BEGIN ENTRIES SHOWN

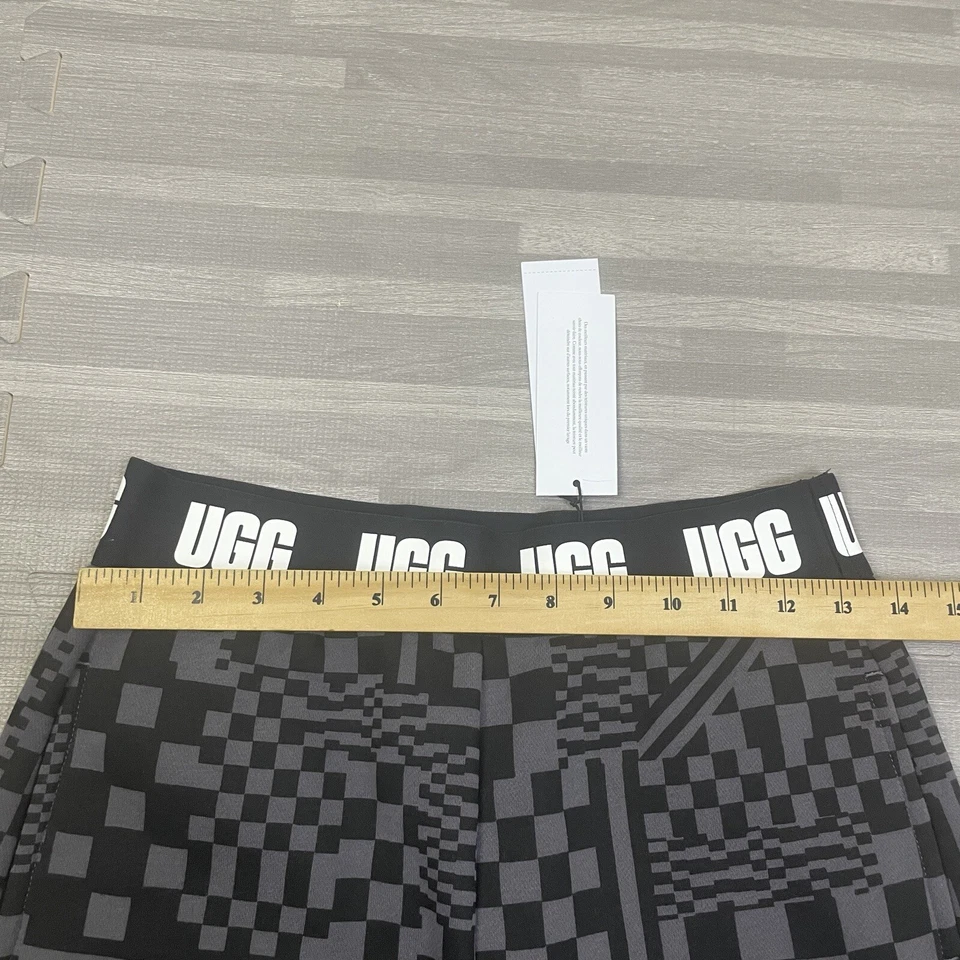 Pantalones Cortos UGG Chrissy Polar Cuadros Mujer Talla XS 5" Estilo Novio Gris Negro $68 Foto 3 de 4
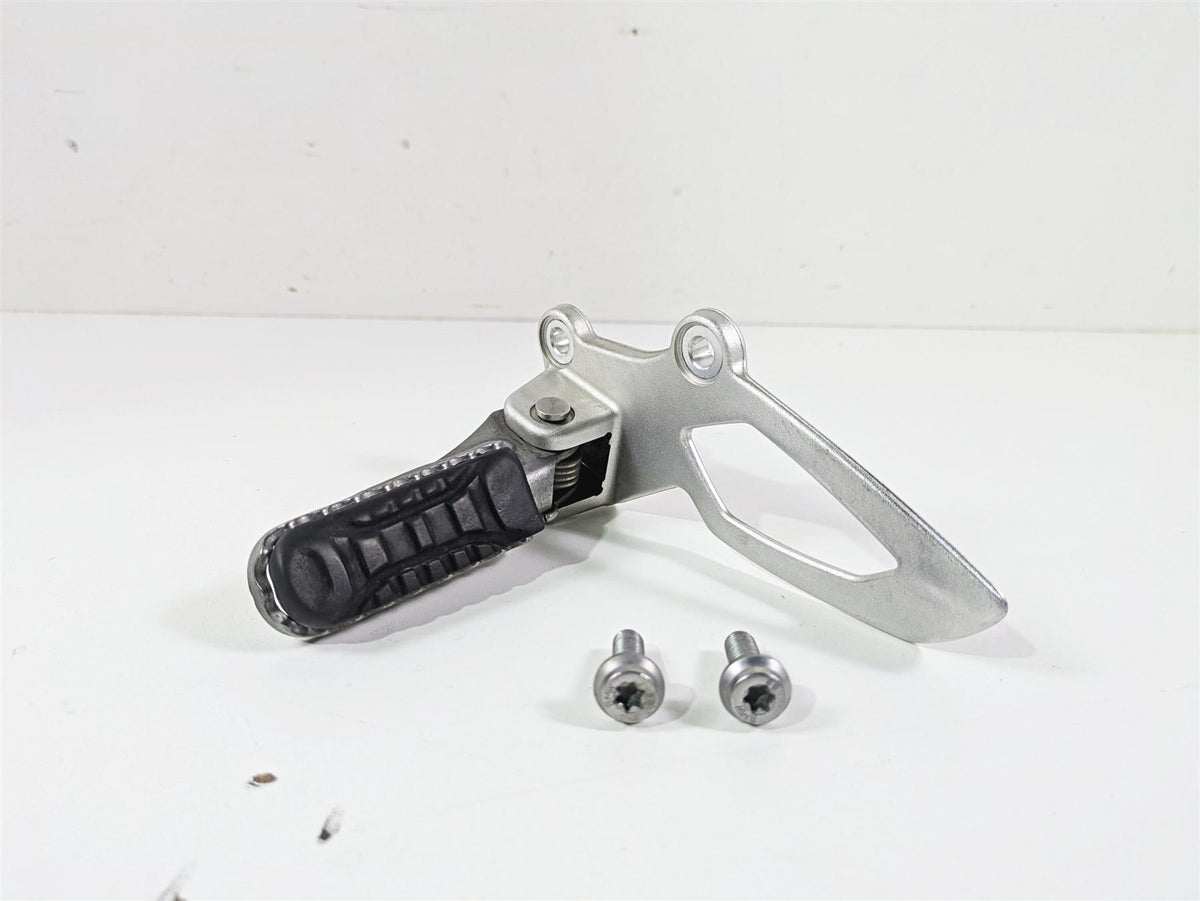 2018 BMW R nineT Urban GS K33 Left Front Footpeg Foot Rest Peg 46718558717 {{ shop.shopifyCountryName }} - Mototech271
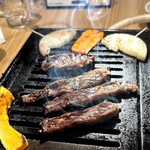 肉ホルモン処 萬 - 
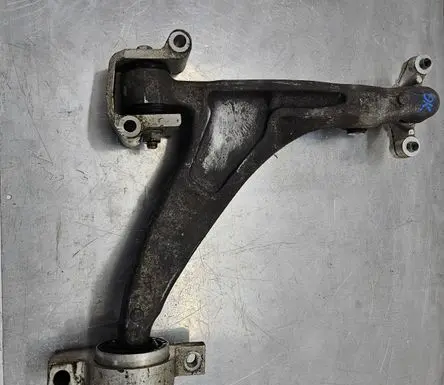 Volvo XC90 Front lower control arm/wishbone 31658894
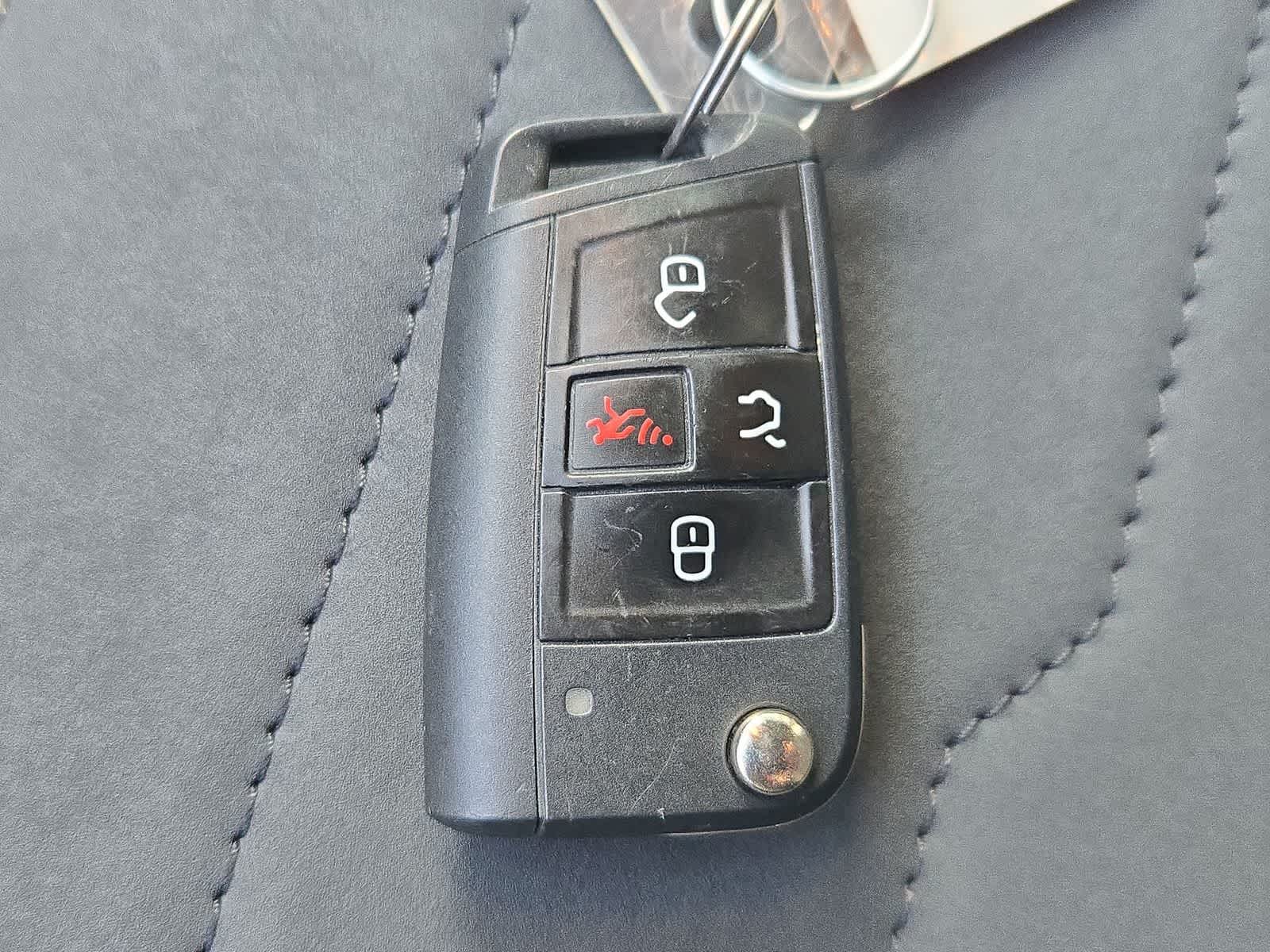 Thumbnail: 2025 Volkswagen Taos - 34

END ENTRIES SHOWN

*WHAT TO PRODUCE:* Please output the lines from the line that contains "Volvo XC90 Front" through the end of the records, both ends included, exactly and with no pictures.

*EXERCISE RESPONSE:*
 Volvo XC90 Front lower control arm/wishbone 31658894
 Thumbnail: 2025 Volkswagen Taos - 34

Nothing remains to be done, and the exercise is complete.